Some newer action cameras record a GPS track and time stamp, which may be used to align recordings in post-processing. This is generally a high-end feature.
I expect that a smartphone app will be offering GPS timing sooner rather than later, but smartphone cameras are rather limited, and this feature would be more useful in a dedicated camera.
How do we synchronize when shooting on a budget, lacking time code?
We fall back on the classic synchronizing technique used in film: a marker visible in the image and audible in the sound track. Bicycle video takes are generally rather long – you start recording, and then ride – so setting this marker isn't much of an inconvenience.
A traditional wooden clapperboard
The clapperboard – with its chalkboard to indicate a take number – is the time-honored time-alignment tool in the motion-picture industry. The clapperboard provides a timing reference at the start of a take. The speed of sprocketed film and audio tape is set by the power-line frequency. Once clips are aligned on the editing table, they remain in sync.
I use video cameras which record audio, so there's no need for a clapperboard's written identification of the take. I make a verbal announcement instead. For synchronization, I use a hand clap, visible to every camera and recorded in every sound track. If I am using two cameras on my helmet to get front and rear views, I back up to a window so the rear-facing camera shows the reflection of my clapping hands, or I tap the side of the helmet to shake the image from the helmet camera and make a sound. With cameras in other locations, I walk around and clap so my hands are also visible in my helmet camera. Then I have a cue in every recording.
In the short video clip above, the main image is from a camera on my helmet. The picture-in-picture is from a camera duct-taped to the rear rack of a friend's bicycle. My camera is looking forward at him and his is looking back at me. You see and hear the hand clap, and then hear my short announcement identifying the take. Here is a still of the frame of the video where my hands come together:
The timing of modern video cameras and digital audio recorders is set by precise quartz-crystal electronic clocks. We can thank documentary filmmaker Richard Leacock for introducing this use of crystal control. He used it with modified 8mm film and audio cassette recorders at the Massachusetts Institute of Technology in the early 1970s -- but there's no need any more to modify equipment. Cameras will typically run for several minutes before the images are out of sync by even one video frame, 1/25 or 1/30 second.
You could run a test on your cameras to determine how well the timing between them agrees. Record a hand clap at the beginning and end of a long clip and count the number of frames the timing drifts, if at all. I have had to add a duplicate frame once every 6 minutes to keep two of my cameras in sync..

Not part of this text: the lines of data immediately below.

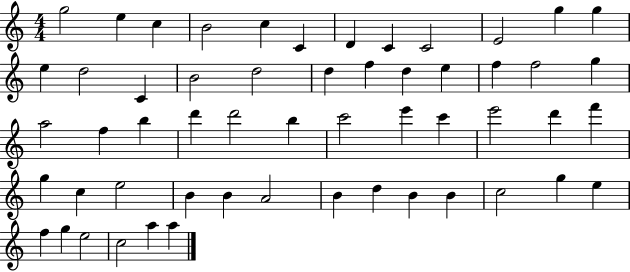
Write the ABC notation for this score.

X:1
T:Untitled
M:4/4
L:1/4
K:C
g2 e c B2 c C D C C2 E2 g g e d2 C B2 d2 d f d e f f2 g a2 f b d' d'2 b c'2 e' c' e'2 d' f' g c e2 B B A2 B d B B c2 g e f g e2 c2 a a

Cameras generally record 4 gigabyte files, to use FAT32 data format, which is readable on a computer running MacOS, Windows or Linux. This means that every 10 minutes or so with HD 1080 video at 30 frames per second (longer or shorter time for other formats), a file must be saved and a new one started. (Memory cards can be reformatted to an extended FAT32 format if the camera supports it, to allow longer uninterrupted recordings.) Some cameras overlap the files or start the new one without skipping a frame. Others leave a gap of a few seconds. If you have a camera which leaves gaps, you are going to have to resynchronize clips after the first one with additional hand claps or random audio or video events -- which can be frustrating and time-consuming.
One example of a random event is the sight and sound of a car rolling over a manhole cover. Footsteps also are good. Aligning on speech is harder, though the sound of the letter P begins when mouth opens suddenly, and the waveform in the sound track shows a sudden increase in volume. The letters B and M are less good, because the vocal cords are vibrating before the mouth opens, but may be usable. If you do much aligning on speech, you will find that you are beginning to learn to read lips!

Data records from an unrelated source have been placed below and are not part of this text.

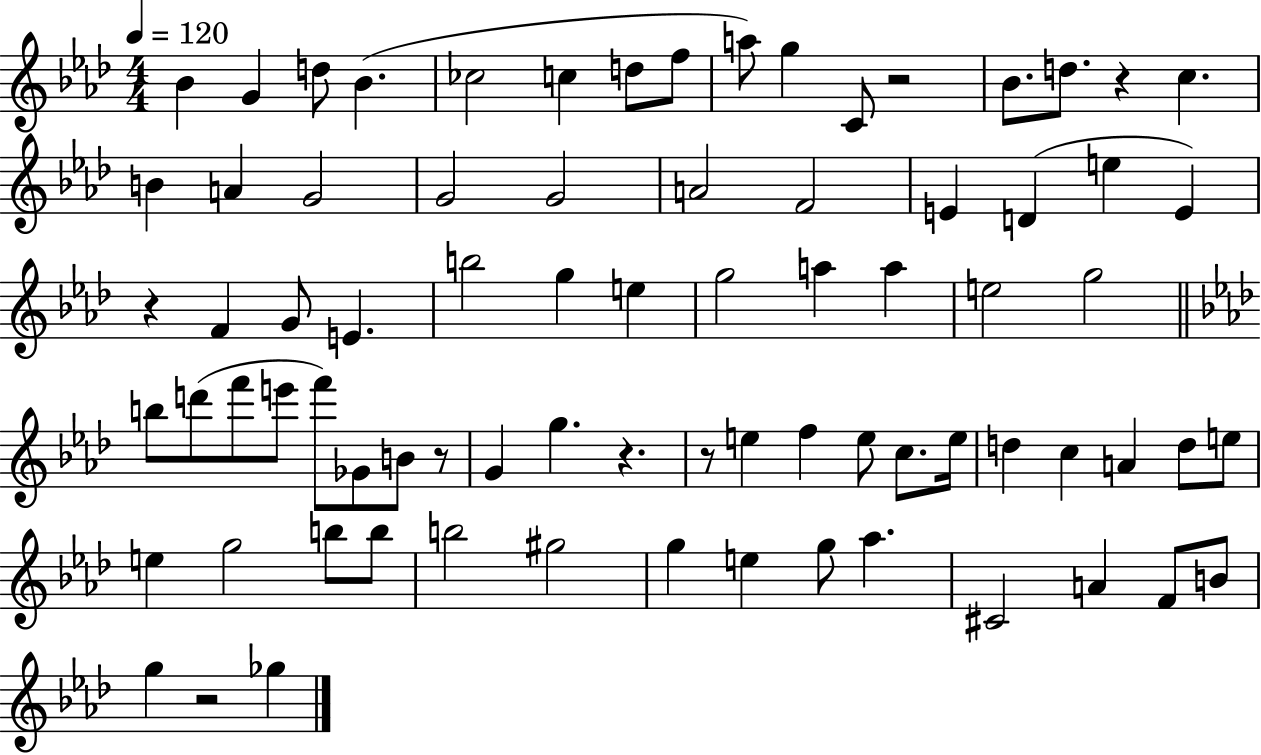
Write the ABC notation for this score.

X:1
T:Untitled
M:4/4
L:1/4
K:Ab
_B G d/2 _B _c2 c d/2 f/2 a/2 g C/2 z2 _B/2 d/2 z c B A G2 G2 G2 A2 F2 E D e E z F G/2 E b2 g e g2 a a e2 g2 b/2 d'/2 f'/2 e'/2 f'/2 _G/2 B/2 z/2 G g z z/2 e f e/2 c/2 e/4 d c A d/2 e/2 e g2 b/2 b/2 b2 ^g2 g e g/2 _a ^C2 A F/2 B/2 g z2 _g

In post-processing, I align the clips as described below.
Now, for a bit of technical background to help you use the hand-clap technique when editing video.

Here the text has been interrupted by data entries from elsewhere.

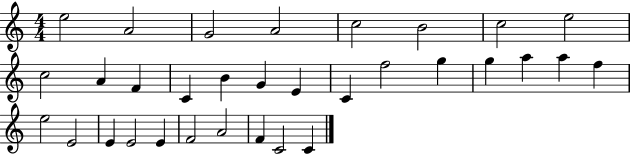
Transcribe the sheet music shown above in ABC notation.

X:1
T:Untitled
M:4/4
L:1/4
K:C
e2 A2 G2 A2 c2 B2 c2 e2 c2 A F C B G E C f2 g g a a f e2 E2 E E2 E F2 A2 F C2 C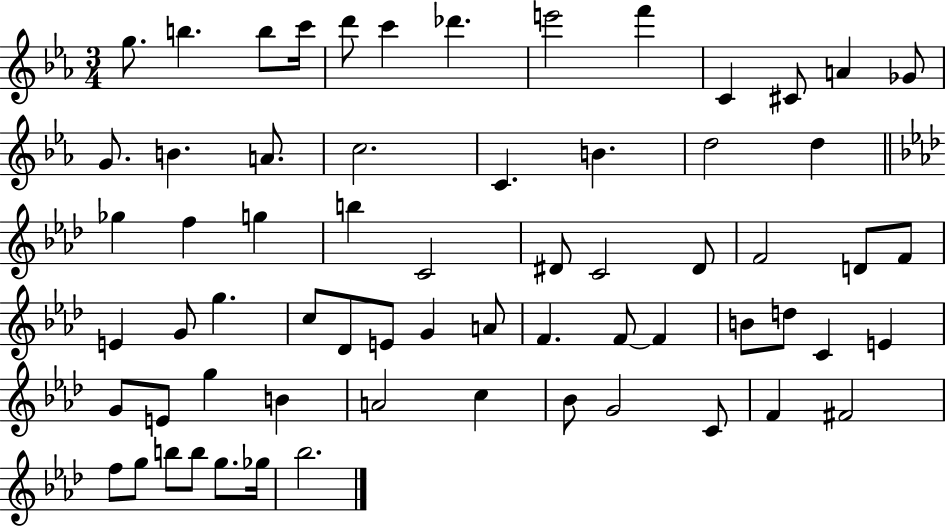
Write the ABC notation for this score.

X:1
T:Untitled
M:3/4
L:1/4
K:Eb
g/2 b b/2 c'/4 d'/2 c' _d' e'2 f' C ^C/2 A _G/2 G/2 B A/2 c2 C B d2 d _g f g b C2 ^D/2 C2 ^D/2 F2 D/2 F/2 E G/2 g c/2 _D/2 E/2 G A/2 F F/2 F B/2 d/2 C E G/2 E/2 g B A2 c _B/2 G2 C/2 F ^F2 f/2 g/2 b/2 b/2 g/2 _g/4 _b2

A video consists of a series of frames (individual images) shown one after another quickly enough to create the illusion of motion. The rate is typically 30 frames per second (actually, 29.97 for color signals) in countries which use 60 Hertz (cycle per second) AC power; 25 frames per second in countries which use 50 Hertz AC power. The frame rate is nominally ½ the power-line frequency so that any effect of imperfect power-supply filtering stays in the same place in the image, or nearly, from one frame to the next, rather than causing annoying flicker or wobble.
Video editing is only by one-frame, 1/25 or 1/30 second, increments. Special software can adjust audio more precisely; and that may be desirable for some purposes. I'll discuss that later.
Some digital video storage formats align the audio to each frame. Other formats use keyframing, where the audio is tacked to the video only once every few frames. Between keyframes, these formats store the differences between images, resulting in smaller digital files. If a video clip doesn't start with a keyframe, the audio and video may start slightly out of step – and then they stay that way.
All of the better video editing software applications give you a way to realign tracks to adjust timing. To do this, you need a clear cue in every track -- preferably, your hand clap. You make your work easier by leaving cameras running, so you do not have to synchronize repeatedly.
There are applications which hunt through the audio and synchronize clips from different cameras, but they don't work for everything, and in particular not when the audio is very different or a camera is not recording audio.
For good synchronization on an audible cue, all microphones need to be within a few feet of each other. Sound travels only about 1100 feet (300 meters), per second, so a distant camera or microphone will record delayed audio – like when you see a dribbled basketball out of sync with its sound. A distance of only 30 feet or 10 meters will throw synchronization off by one video frame. Align a distant camera on the visual cue, rather than the audible one, then align its audio with that from the closer camera so the basketball dribbles in sync.
When editing, I first turn on the application's “audio scrubbing” function so I can hear the hand clap or other cue. I check the hand clap to see whether the audio and video from each camera are in sync. If not, I detach the audio so it is in a separate track. I zoom in on the editor's timeline until I can move back and forth one frame at a time and stop the motion at the hand clap. I set a marker for the hand clap separately for each audio and video track, then slide the tracks until all the markers align.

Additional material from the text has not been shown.